Chips

Intel, Micron Put NAND’s Pedal to the Metal

Intel and Micron Technology have developed a high-speed NAND flash memory technology the two said is five times faster than conventional NAND.

The technology, jointly developed by the two companies as part of their IM Flash Technologies joint venture, will allow data to be transferred faster for computing, video, photography and other applications, the technology partners said Friday.

“At up to five times the performance over conventional NAND, the high speed NAND from Intel and Micron, based on the ONFi 2.0 industry standard, will enable new embedded solutions and removable solutions that take advantage of high-performance system interfaces, including PCIe (PCI Express) and upcoming standards such as USB 3.0,” said Pete Hazen, director of marketing for Intel NAND Products Group.

Flash Speedway

The new 8 GB single-level cell (SLC) high-speed NAND can read data at speeds as great as 200 MB per second and can write data at up to half that speed, 100 MB per second. Designed on the 50-nanometer process node, the new technology was achieved using new Open NAND Flash Interface (OFNI) 2.0 specifications as well as a four plane architecture with higher clock speeds, according to Micron.

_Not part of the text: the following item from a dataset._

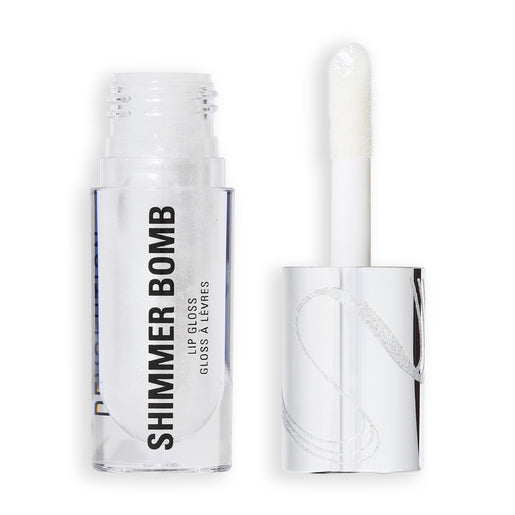 Revolution Metallic Muse Shimmer Bomb Gloss Frosted Muse 4.5mL - GimmeNow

Conventional SLC NAND offers significantly lower read and write speeds: 40 MB per second for reading data and less than 20 MB per second for writing data.

“As more and more of today’s popular consumer electronic and computing devices continue to move to silicon for storage, it is essential that we improve how data is accessed and transferred in NAND,” said Bill Lauer, senior director of marketing for Micron’s memory group. “With the new capabilities designed into high speed NAND, the performance benefits will be visible to the consumer, allowing them to experience a faster way of transferring digital content between devices such as computers, digital cameras, MP3 players and cell phones.”

Micron is sampling the high-speed NAND component with major OEMs (original equipment manufacturers) and controller manufacturers. It hopes to see mass production in the second half of this year.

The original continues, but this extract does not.